____ DATA PROVIDED

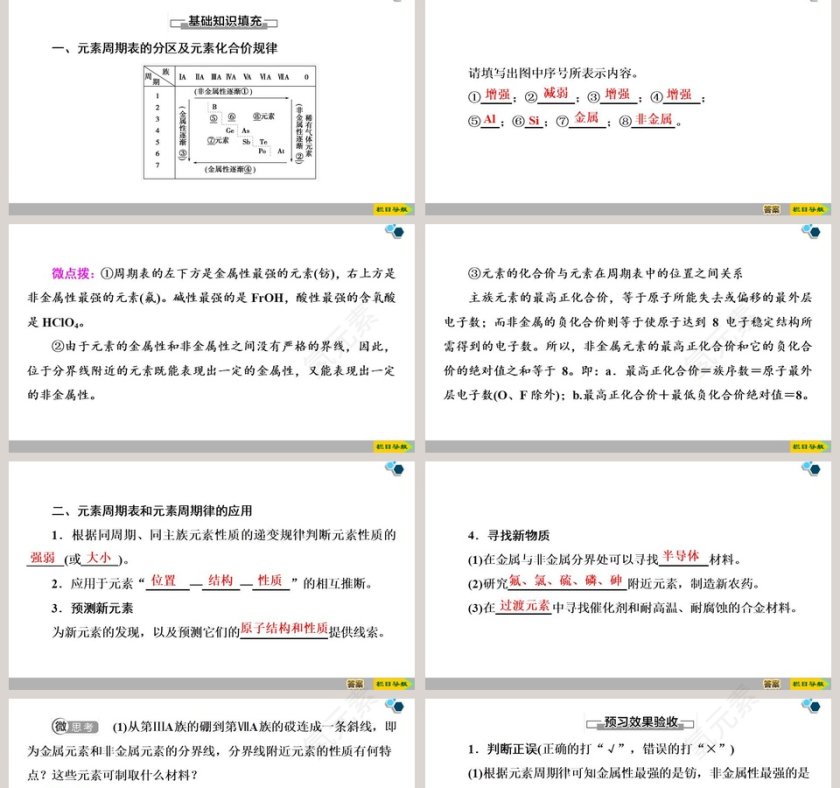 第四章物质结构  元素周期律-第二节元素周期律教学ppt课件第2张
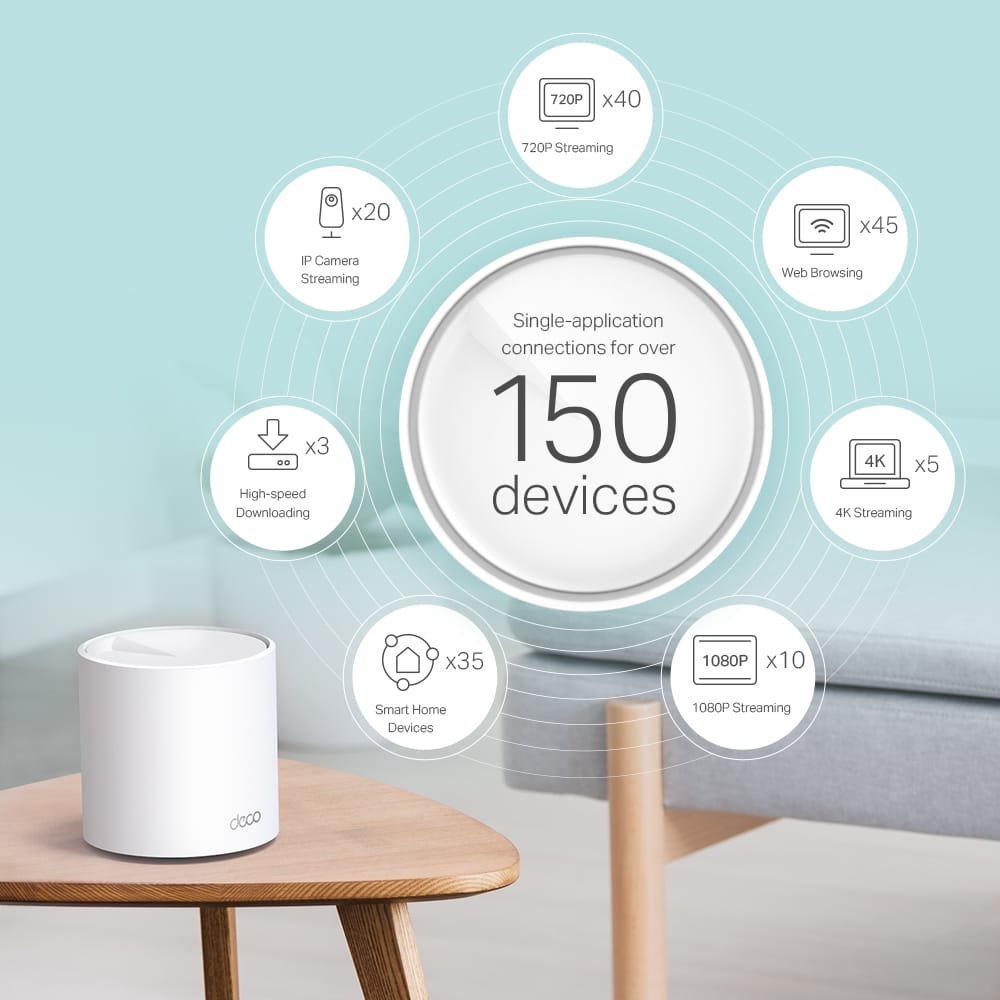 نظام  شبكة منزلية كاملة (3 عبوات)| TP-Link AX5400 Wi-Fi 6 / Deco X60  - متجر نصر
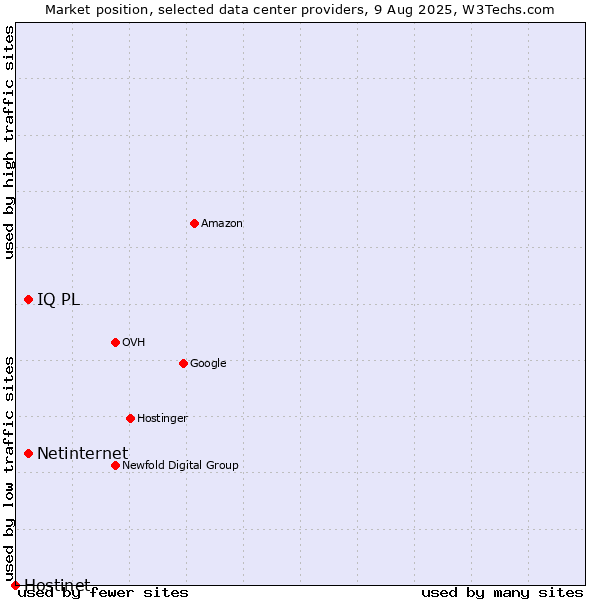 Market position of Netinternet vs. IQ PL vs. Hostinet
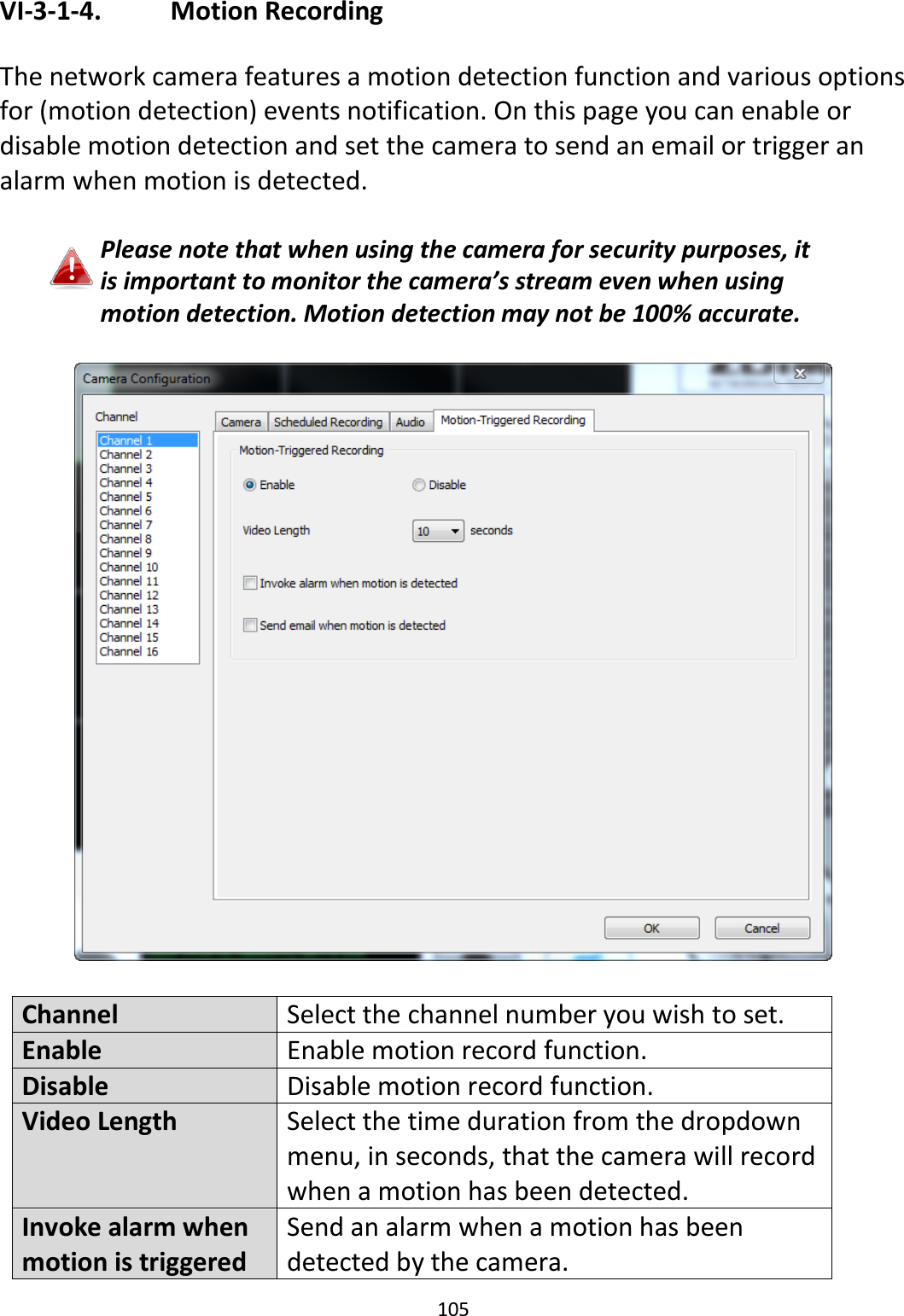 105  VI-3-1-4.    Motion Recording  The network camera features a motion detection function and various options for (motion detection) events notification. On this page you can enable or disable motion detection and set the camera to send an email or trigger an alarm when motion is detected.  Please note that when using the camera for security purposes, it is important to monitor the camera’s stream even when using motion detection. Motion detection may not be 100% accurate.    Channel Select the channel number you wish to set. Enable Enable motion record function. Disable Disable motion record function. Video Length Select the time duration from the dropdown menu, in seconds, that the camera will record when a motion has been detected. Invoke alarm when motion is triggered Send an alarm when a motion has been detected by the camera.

________
____ DATA PROVIDED

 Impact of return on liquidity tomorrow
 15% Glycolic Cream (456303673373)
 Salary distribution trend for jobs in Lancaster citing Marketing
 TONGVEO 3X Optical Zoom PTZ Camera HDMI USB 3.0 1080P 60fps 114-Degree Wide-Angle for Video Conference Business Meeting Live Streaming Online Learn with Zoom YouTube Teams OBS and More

________

EXERCISE
A word-for-word copy of the lines above from the one with "Salary distribution trend" through the one with "TONGVEO 3X Optical", inclusive, is the only output wanted.

RESPONSE TO THIS EXERCISE
 Salary distribution trend for jobs in Lancaster citing Marketing
 TONGVEO 3X Optical Zoom PTZ Camera HDMI USB 3.0 1080P 60fps 114-Degree Wide-Angle for Video Conference Business Meeting Live Streaming Online Learn with Zoom YouTube Teams OBS and More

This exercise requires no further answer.